How do you change the character encoding of a postgres database?

How do you change the character encoding of a postgres database? - postgresql

I have a database that was set up with the default character set SQL_ASCII. I want to switch it to UNICODE. Is there an easy way to do that?

First off, Daniel's answer is the correct, safe option.
For the specific case of changing from SQL_ASCII to something else, you can cheat and simply poke the pg_database catalogue to reassign the database encoding. This assumes you've already stored any non-ASCII characters in the expected encoding (or that you simply haven't used any non-ASCII characters).
Then you can do:
update pg_database set encoding = pg_char_to_encoding('UTF8') where datname = 'thedb'
This will not change the collation of the database, just how the encoded bytes are converted into characters (so now length('£123') will return 4 instead of 5). If the database uses 'C' collation, there should be no change to ordering for ASCII strings. You'll likely need to rebuild any indices containing non-ASCII characters though.
Caveat emptor. Dumping and reloading provides a way to check your database content is actually in the encoding you expect, and this doesn't. And if it turns out you did have some wrongly-encoded data in the database, rescuing is going to be difficult. So if you possibly can, dump and reinitialise.

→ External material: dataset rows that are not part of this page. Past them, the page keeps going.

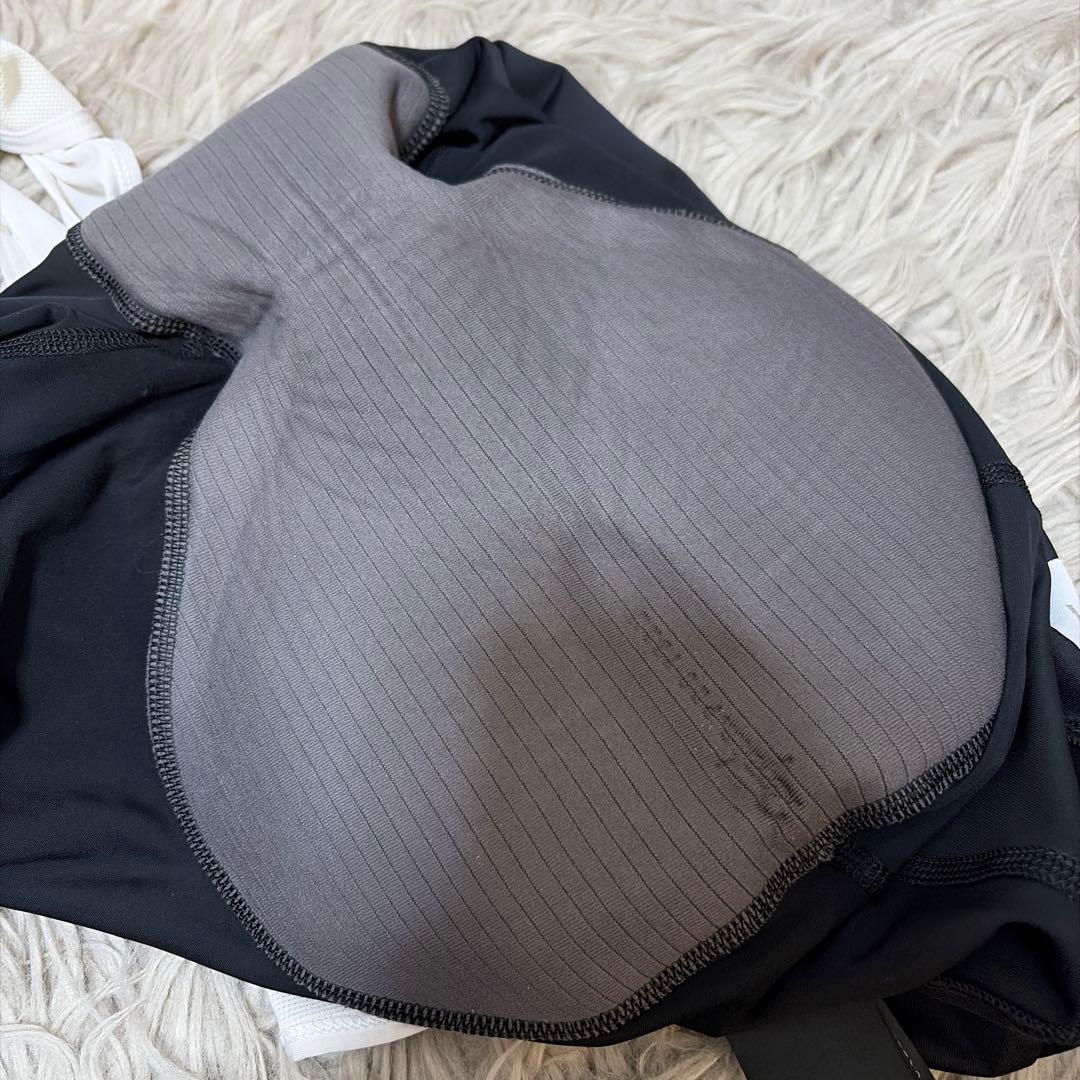 Rapha ラファ ウィメンズ ビブショーツ　X-Small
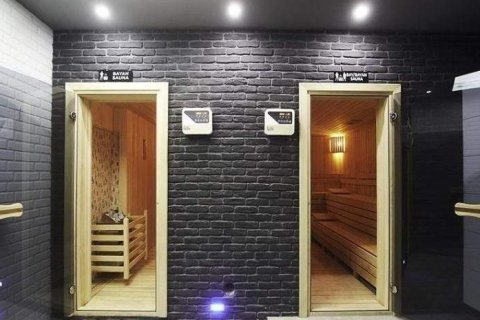 2+1 Lejlighed  i Tosmur, Alanya, Antalya, Tyrkiet Nr. 229099 - 19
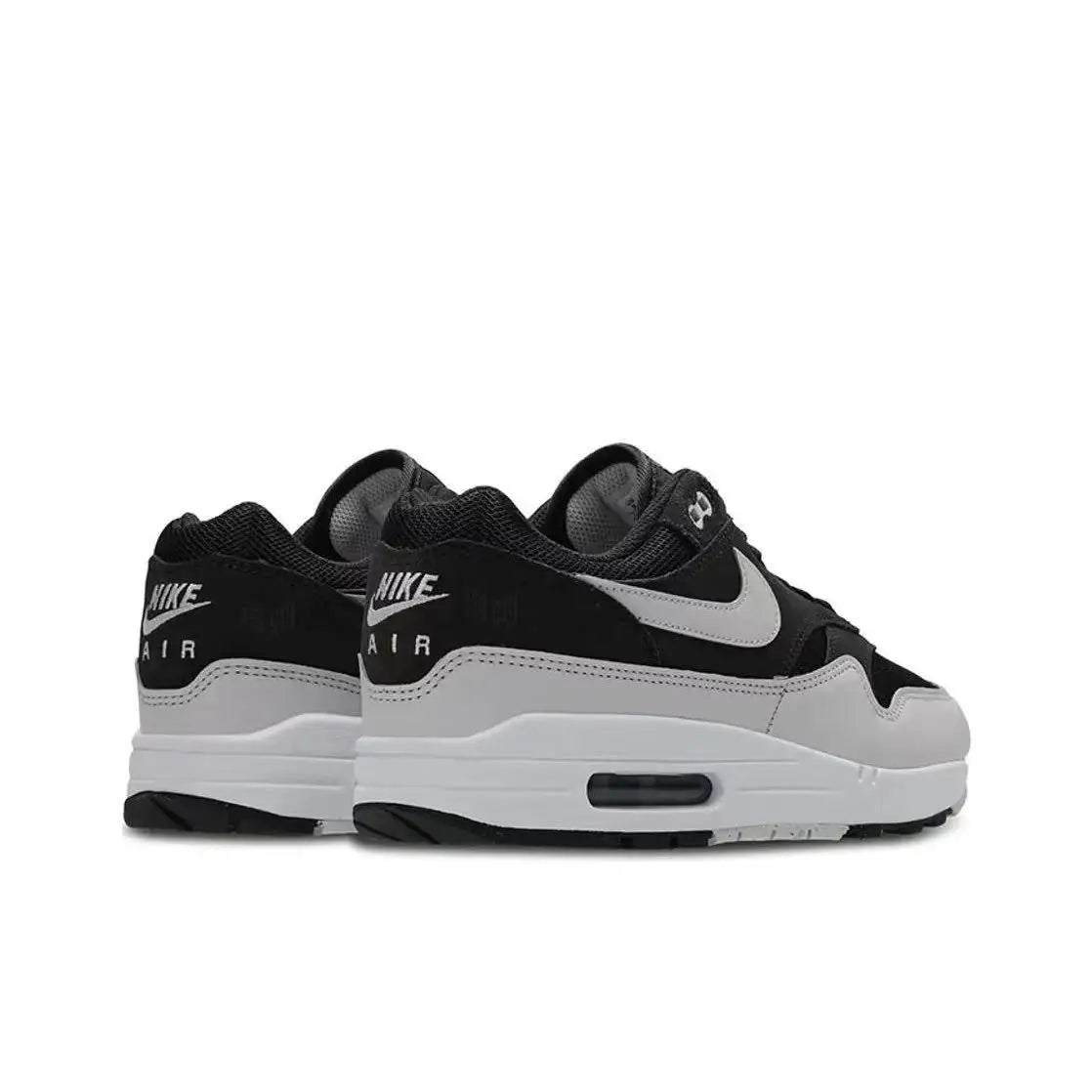 Nike Air Max 1 Low-Top Comfortable Fashionable Versatile Casual Shoes for Life FZ5808-011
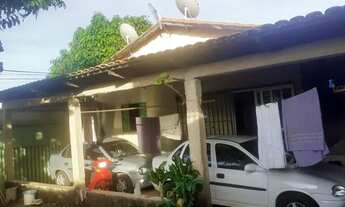 Imagem: Vendo casa av principal tremendão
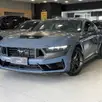 FORD MUSTANG 5.0 V8 GASOLINA DARK HORSE SELECTSHIFT FORD MUSTANG 5.0 V8 GASOLINA DARK HORSE SELECTSHIFT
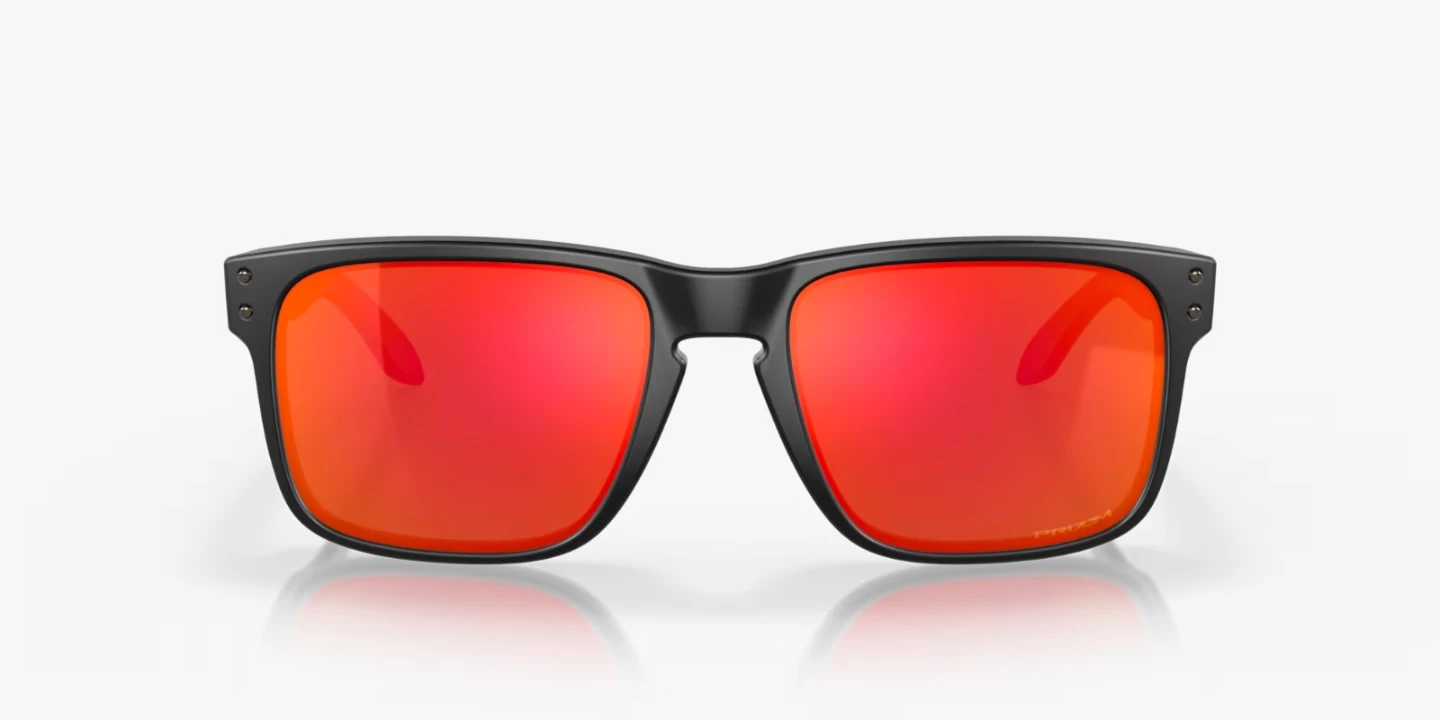 Oakley Holbrook Sunglasses FREE Delivery - photo 2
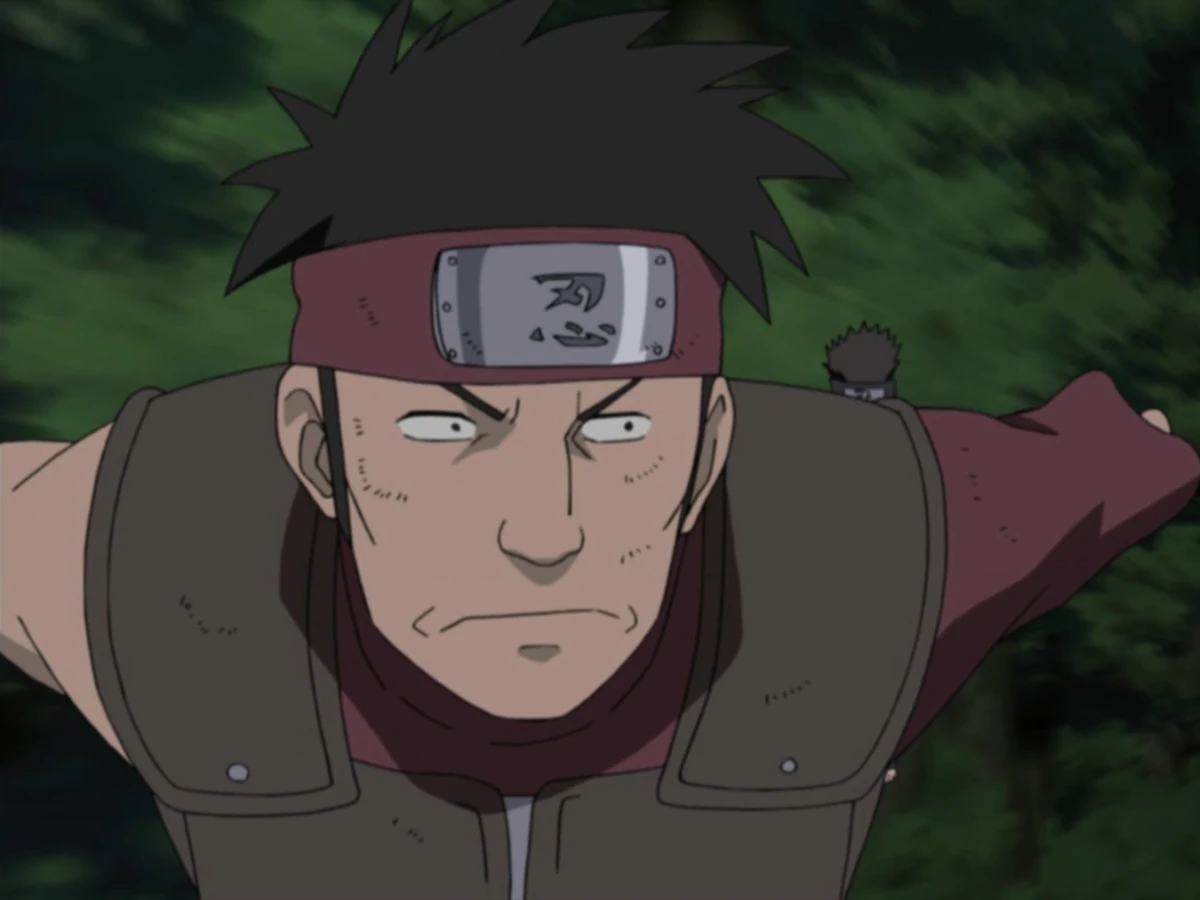 Natsu | Narutopedia | Fandom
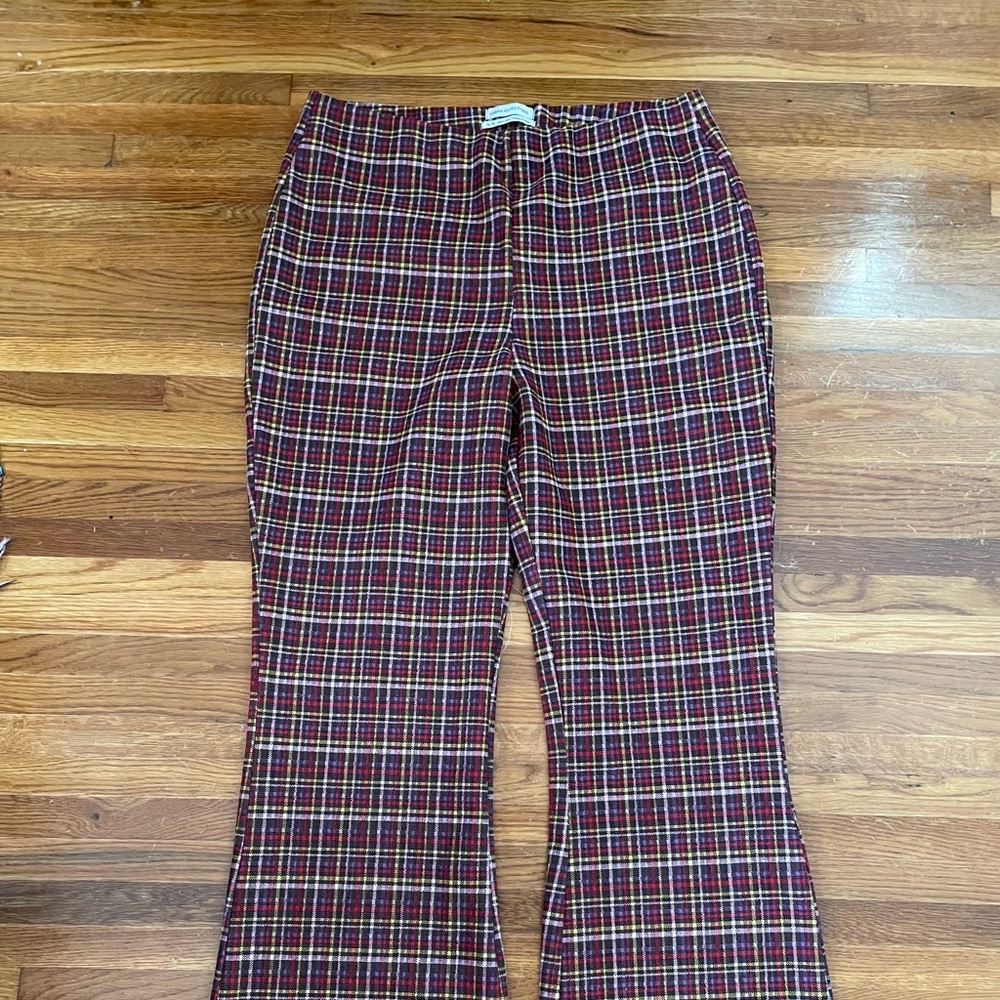 UO Brynn Pull On knit Pant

To change the encoding of your database:
Dump your database
Drop your database,
Create new database with the different encoding
Reload your data.
Make sure the client encoding is set correctly during all this.
Source: http://archives.postgresql.org/pgsql-novice/2006-03/msg00210.php

Dumping a database with a specific encoding and try to restore it on another database with a different encoding could result in data corruption.
Data encoding must be set BEFORE any data is inserted into the database.
Check this :
When copying any other database, the encoding and locale settings cannot be changed from those of the source database, because that might result in corrupt data.
And this :
Some locale categories must have their values fixed when the database is created. You can use different settings for different databases, but once a database is created, you cannot change them for that database anymore. LC_COLLATE and LC_CTYPE are these categories. They affect the sort order of indexes, so they must be kept fixed, or indexes on text columns would become corrupt. (But you can alleviate this restriction using collations, as discussed in Section 22.2.) The default values for these categories are determined when initdb is run, and those values are used when new databases are created, unless specified otherwise in the CREATE DATABASE command.
I would rather rebuild everything from the begining properly with a correct local encoding on your debian OS as explained here :
su root
Reconfigure your local settings :
dpkg-reconfigure locales
Choose your locale (like for instance for french in Switzerland : fr_CH.UTF8)
Uninstall and clean properly postgresql :
apt-get --purge remove postgresql\*
rm -r /etc/postgresql/
rm -r /etc/postgresql-common/
rm -r /var/lib/postgresql/
userdel -r postgres
groupdel postgres
Re-install postgresql :
aptitude install postgresql-9.1 postgresql-contrib-9.1 postgresql-doc-9.1
Now any new database will be automatically be created with correct encoding, LC_TYPE (character classification), and LC_COLLATE (string sort order).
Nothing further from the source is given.